The exhibition includes works by creators Hidden Forces, Jonathan Winbush, Levit∆te and Studio Nouveau. Together, they represent the influence that music originating in popular corners of the internet has had on digital and NFT art.

Studio Nouveau

Portals: I. Departure, 2021, by Studio Nouveau

The NFT artist Studio Nouveau debuts a recent series titled “Portals,” which combines 3D models and AI-generated visual clips into video format. The music in the video carries the plot, enhancing the video transitions and geometric gestures. In the work Portal: III.
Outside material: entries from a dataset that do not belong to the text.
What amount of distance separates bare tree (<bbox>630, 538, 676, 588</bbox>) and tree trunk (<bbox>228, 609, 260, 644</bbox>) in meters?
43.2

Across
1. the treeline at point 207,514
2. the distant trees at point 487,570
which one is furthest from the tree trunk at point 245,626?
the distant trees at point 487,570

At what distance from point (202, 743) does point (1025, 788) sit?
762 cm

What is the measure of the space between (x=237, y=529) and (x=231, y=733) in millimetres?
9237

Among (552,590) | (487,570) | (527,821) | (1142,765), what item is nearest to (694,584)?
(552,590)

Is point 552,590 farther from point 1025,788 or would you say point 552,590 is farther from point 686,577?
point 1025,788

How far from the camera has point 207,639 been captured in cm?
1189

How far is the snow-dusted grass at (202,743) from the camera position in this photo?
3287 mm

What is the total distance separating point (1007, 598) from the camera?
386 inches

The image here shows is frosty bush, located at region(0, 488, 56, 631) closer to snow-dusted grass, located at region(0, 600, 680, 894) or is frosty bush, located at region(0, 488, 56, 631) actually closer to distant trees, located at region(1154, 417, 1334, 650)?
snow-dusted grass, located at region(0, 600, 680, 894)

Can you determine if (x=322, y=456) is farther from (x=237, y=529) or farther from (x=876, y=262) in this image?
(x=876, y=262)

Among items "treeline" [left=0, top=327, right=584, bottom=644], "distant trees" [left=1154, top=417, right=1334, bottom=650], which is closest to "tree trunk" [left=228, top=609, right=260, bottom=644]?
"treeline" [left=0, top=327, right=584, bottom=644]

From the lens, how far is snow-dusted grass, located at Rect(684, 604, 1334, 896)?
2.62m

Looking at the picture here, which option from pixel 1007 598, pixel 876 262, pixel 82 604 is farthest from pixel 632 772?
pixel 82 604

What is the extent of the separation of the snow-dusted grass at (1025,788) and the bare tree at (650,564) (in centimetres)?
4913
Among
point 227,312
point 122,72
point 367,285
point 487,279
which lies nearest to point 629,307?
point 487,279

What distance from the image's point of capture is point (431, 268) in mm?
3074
Singularity, the up-tempo beat creates intrigue and energy behind the suspenseful journey of the work’s central icon. Like all of the works in the series, Studio Nouveau understands the importance of using crisp, controlled visuals in harmony with a score to fabricate an idyllic imagined environment unique to the virtual world. (See if you can catch the sample of the theme song from television’s Rick and Morty in one of the works!)

Levit∆te

Schematic Motif: Full Body, 2021, by Levit∆te

Levit∆te, also known as Connor Campbell, constructs cinematic 4D animations that amplify the artist’s dramatic musical score. In his latest sequential project “Schematic,” Campbell renders a machine in the shape of a human body. Connecting red and black wires, like those of a stereo system, run like veins through the body.

The gears and knobs join the limbs resembling a production system for a DJ. The hyperreal imagery pairs well with the synth, bass heavy sounds, and, through this combination, the artist suggests that a half-human, half-machine Frankenstein may already exist.

Jonathan Winbush

Milky Way, 2021, by Jonathan Winbush

Jonathan Winbush, a seasoned animator and creator based in Los Angeles, designs sleek 3D motion graphics for television and films. For the exhibition, he created three NFT works that illustrate the delicate elements of time, vibration and rhythm in music.

Milky Way, the second work of the set, depicts a round container holding a white liquid that splashes as the music’s vibrations rattle the sides. As the sleepy, downbeat music plays, faint rings of sound ripple around the container like waves of water. With these works, Winbush illustrates the dependency music and art have on high production and innovative technology.

Hidden Forces

Schematic Motif: Full Body, 2021, by Levit∆te

The New York–based artist Hidden Forces makes moving photographic images of collage pieces and watercolors. The artist expands on a series for “Aesthetically Sound” that depicts a container, akin to a petri dish, filled with an amalgam of rich colors, textured substances and organic forms.

Using a mirror effect, the filigree that the watercolors create inside the petri dish signals various known references, most clearly the Rorschach test, that invite the viewer to interpret the imagery in their own way. The dissonant music in the videos sounds like a mixture of white noise, ambient sounds and percussion, matching the muddled visual imagery. Subtly, the artist captures the insular, controlled bustle that characterizes the organic and diverse formation of online creations.